I did the basic research and the logistics for a guy that went to Alaska. He came back with a stirrup
off a early P-38 from a bury site on Indian ground. He said you could crawl back in among them.
They are out there.
Fri Nov 20, 2015 10:36 pm
hang the expense wrote:Versatile wrote:I remember seeing photos of a group slowly bringing up a P-38 in Alaska.Slow tedious hard work .
IRRC i read it hear.
Many bases when closed down in the USA and they buried everything including desks and the occasional aircraft or multiple aircraft. I was told that say a AC had problems and landed at a base and was deemed not worth repairing it and was towed off to the side or out back. Such as a Navy AC emergency lands at a USAF base in Oklahoma. AC was not worth repairing etc. Pilot goes back to his base by other means and the Navy AC is just a problem for the base commander. The base was either closing or just cleaning up the base and base commander said get rid of it. Fastest and cheapest way was a hole out back at the base dump. While talking to a Base Commander in Ok. we developed this idea. Bs'ing me i can't say. I do believe him that he was always getting approached by people searching for buried items by what ever tripped their trigger. Such as barrel after barrel of buried 45 pistols etc.
I did the basic research and the logistics for a guy that went to Alaska. He came back with a stirrup
off a early P-38 from a bury site on Indian ground. He said you could crawl back in among them.
They are out there.
That was the dump out on cold bay.tons of NOS parts but they were junk.
Thu Nov 26, 2015 9:13 pm
Fri Nov 27, 2015 10:22 am
John Dupre wrote:I saw that someone else referenced the Paul family P-40 that was dug up and restored. Granted that was 30 or so years ago when corrosion would have had a lot less time to work.

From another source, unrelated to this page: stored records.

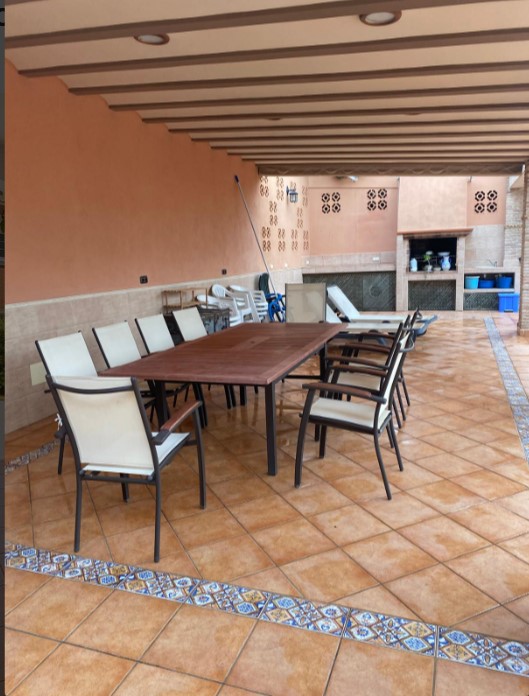 CHALET ADOSADO CON PARCELA DE 750 M² Y PISCINA PRIVADA EN LOS BALCONES
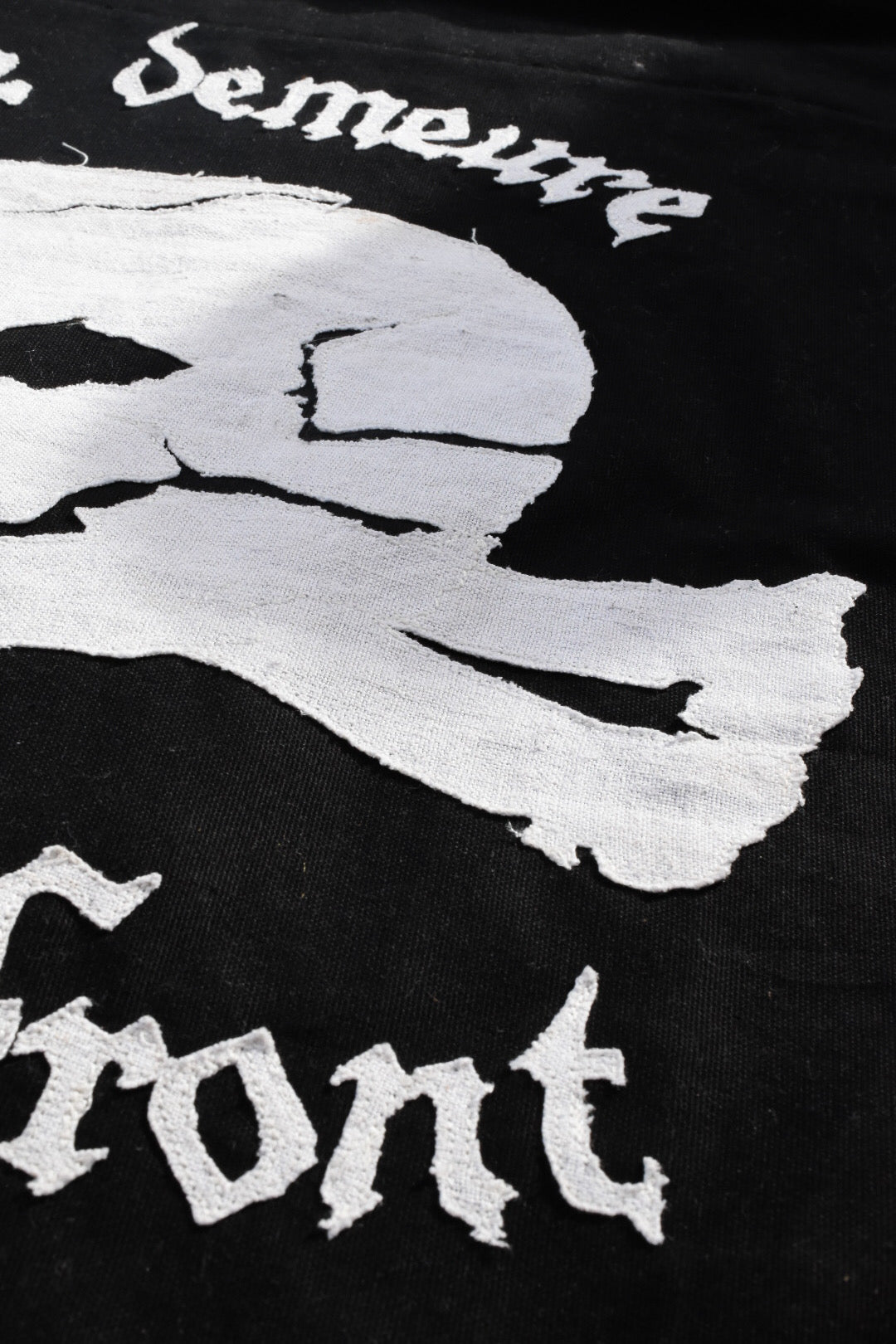 ÉTENDARD - Je Demeure et fais Front -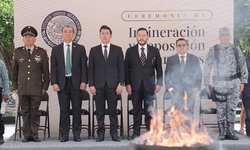Realizan ceremonia de incineración y reposición de la Bandera del Congreso del Estado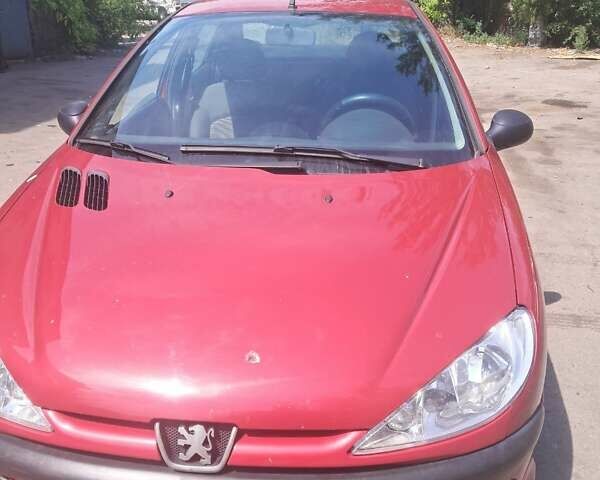 Красный Пежо 206, объемом двигателя 1.36 л и пробегом 118 тыс. км за 3500 $, фото 1 на Automoto.ua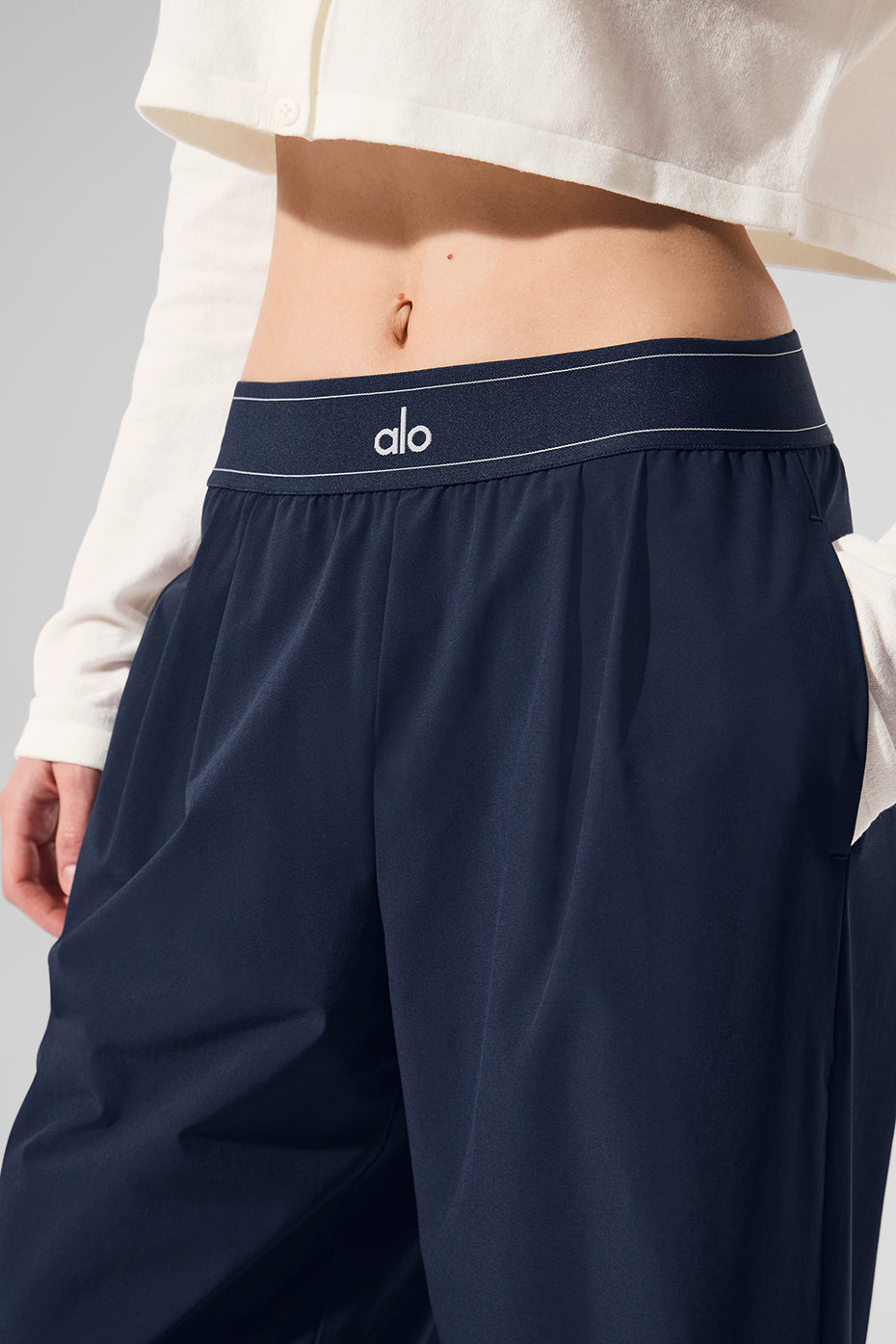 Suit Up Trouser (Regular) - Navy — Alo Yoga | Authentic India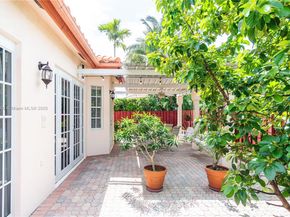 10564 NW 57th St, Doral FL 33178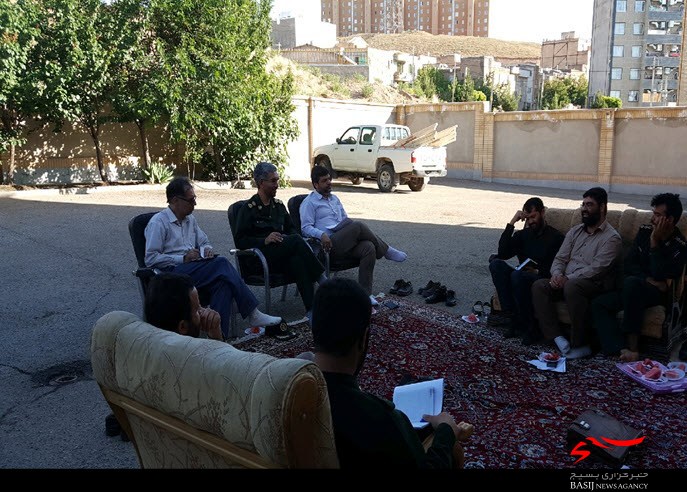 نشست هم‌اندیشی فرماندهان پایگاه‌های حوزه شهید «خادم‌پر» با فرمانده سپاه ناحیه همدان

I know that for several years in Lawrence or Haverhill, Mass there was an FM-2 Wildcat on display. I met a man who remembered when it was delivered from New Jersey with just test time since new. He watched the aircraft degrade over the years at a public park until in the 1970s it was moved to Lawrence Airport. It sat there for several years until the powers that be had it dragged to an adjacent dump. The man continued to watch it when he drove by until one day in the late 70s it was gone. After that he " heard" that the dump used an excavator to dig a trench and bury the Wildcat. Of course they might have used the excavator to chop the aircraft up and sell the aluminum alloy. It might have been transported to some other place for storage or restoration. All anyone really knows is that one day it was there and the next it was gone.
Not buried but I believe one of the surviving flyable P-39s was abandoned in the Southwest on a delivery flight to a reclamation center in 1945. It remained there for 20 or so years before being recovered and restored.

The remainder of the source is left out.